What is expected:
I need the lines from the one holding "Julian Stratenschulte/dpa Eine" to the last line of the data below repeated exactly, both included, without pictures.

Dataset section:
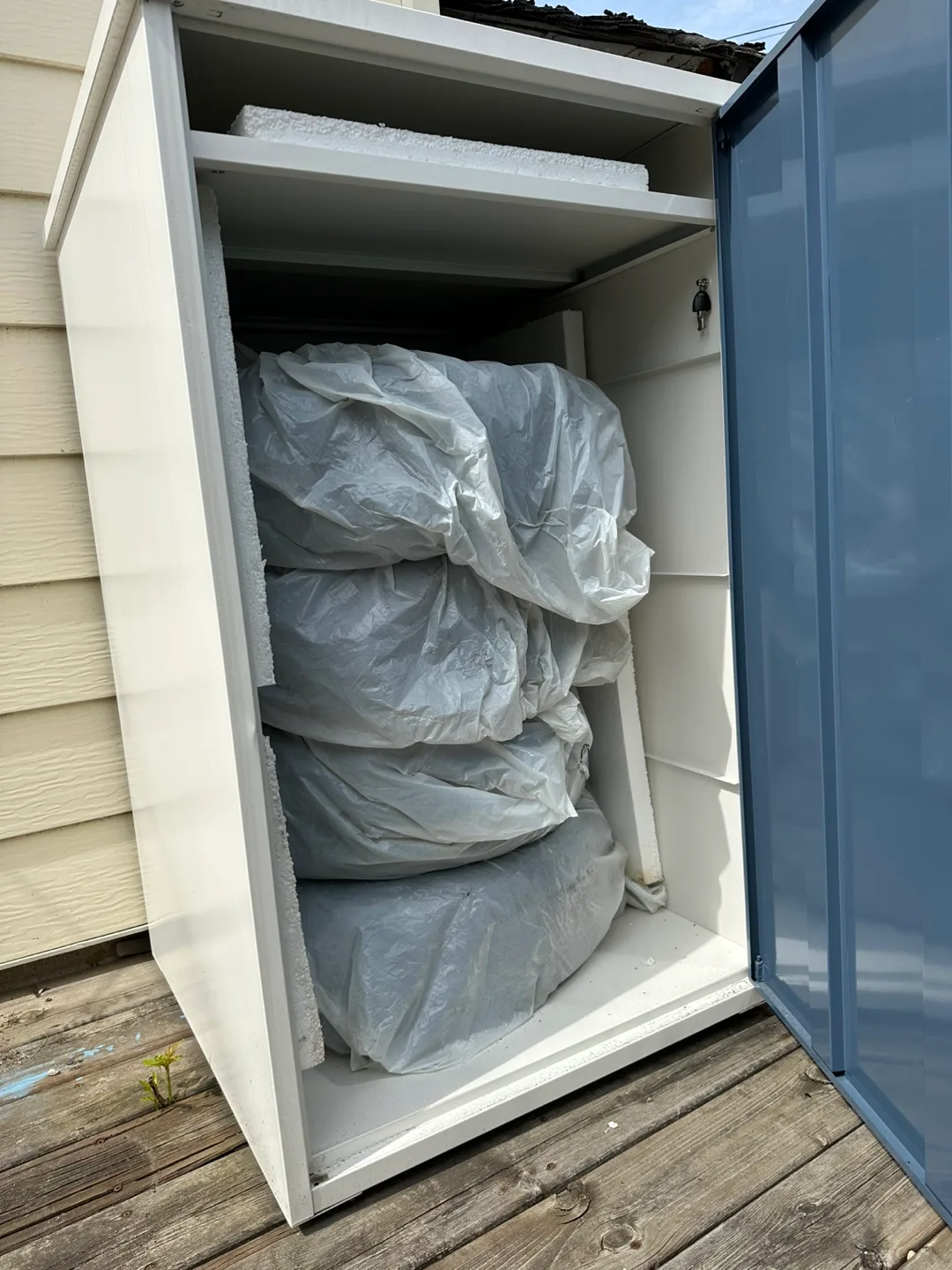 Outdoor Storage box - fit for tires thumbnail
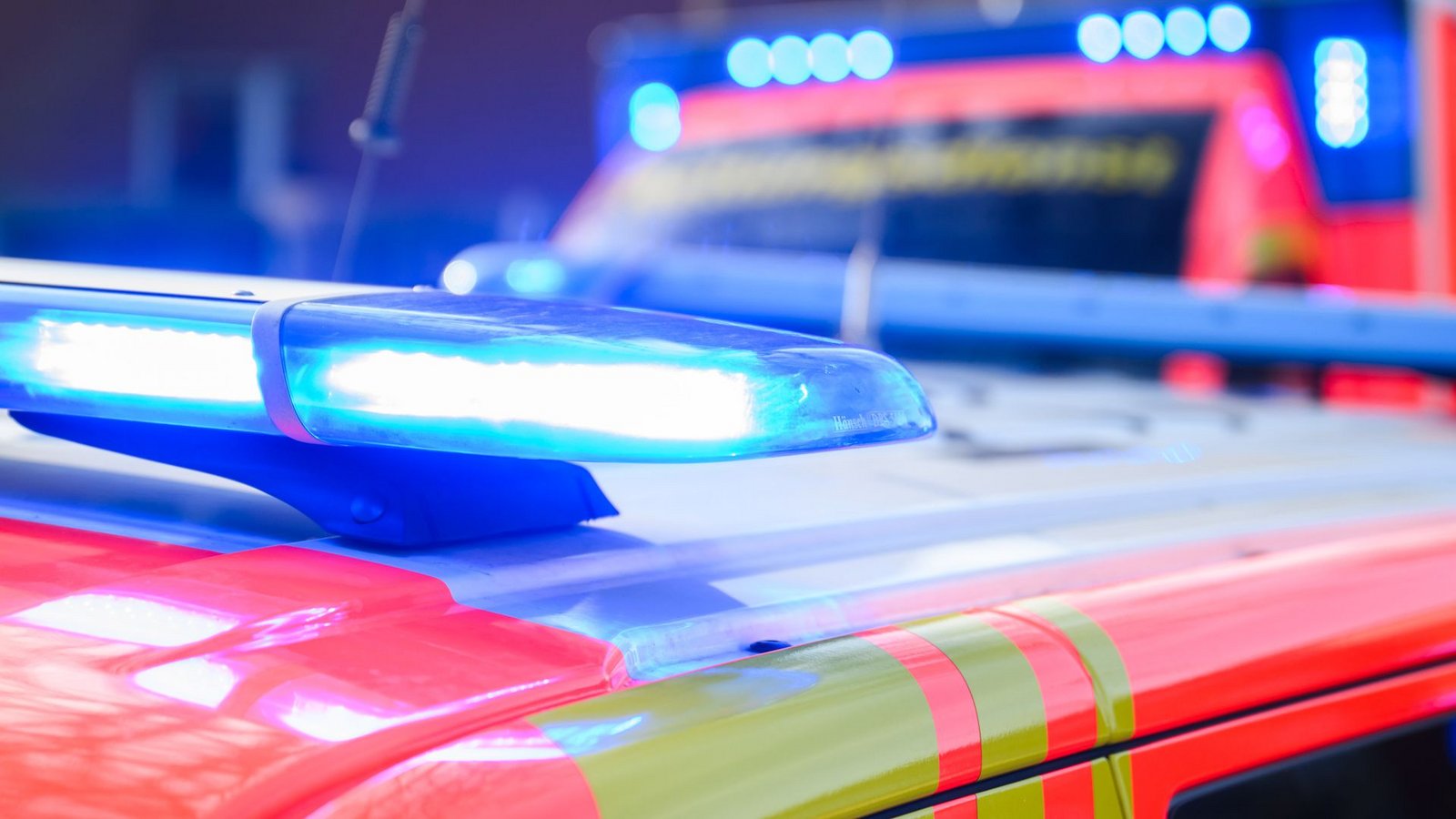 Eine junge Frau ist ihren Verletzungen nach einem Verkehrsunfall erlegen. (Symbolbild)Foto: Julian Stratenschulte/dpa Eine junge Frau ist ihren Verletzungen nach einem Verkehrsunfall erlegen. (Symbolbild)Foto: Julian Stratenschulte/dpa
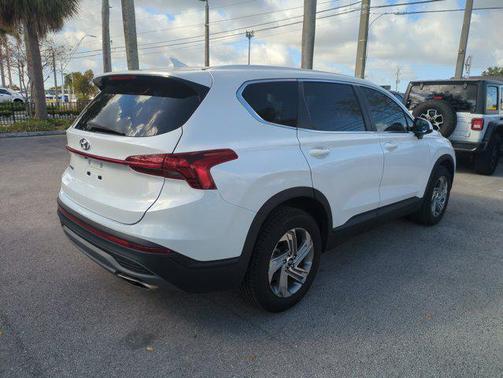 2021 Hyundai SANTA FE SE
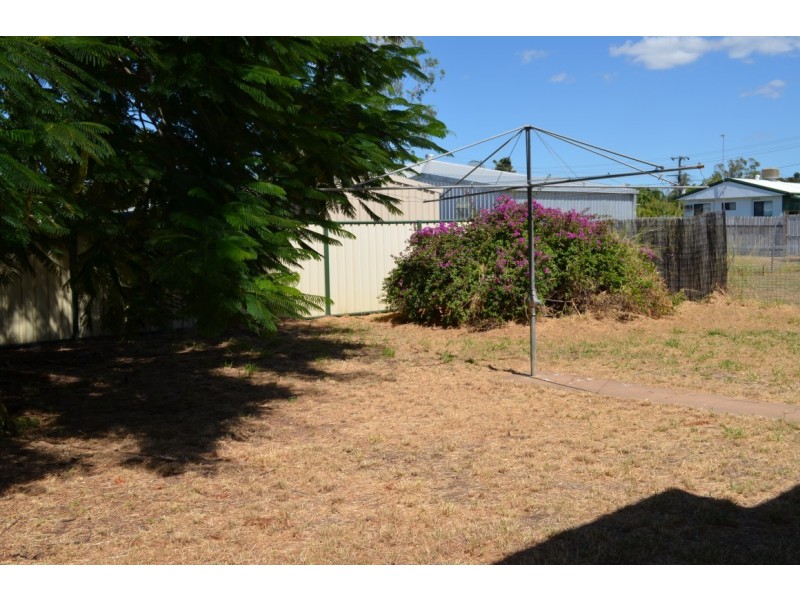 24 Bottletree Avenue, Blackwater QLD 4717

Answer section:
 Eine junge Frau ist ihren Verletzungen nach einem Verkehrsunfall erlegen. (Symbolbild)Foto: Julian Stratenschulte/dpa Eine junge Frau ist ihren Verletzungen nach einem Verkehrsunfall erlegen. (Symbolbild)Foto: Julian Stratenschulte/dpa
 2021 Hyundai SANTA FE SE
 24 Bottletree Avenue, Blackwater QLD 4717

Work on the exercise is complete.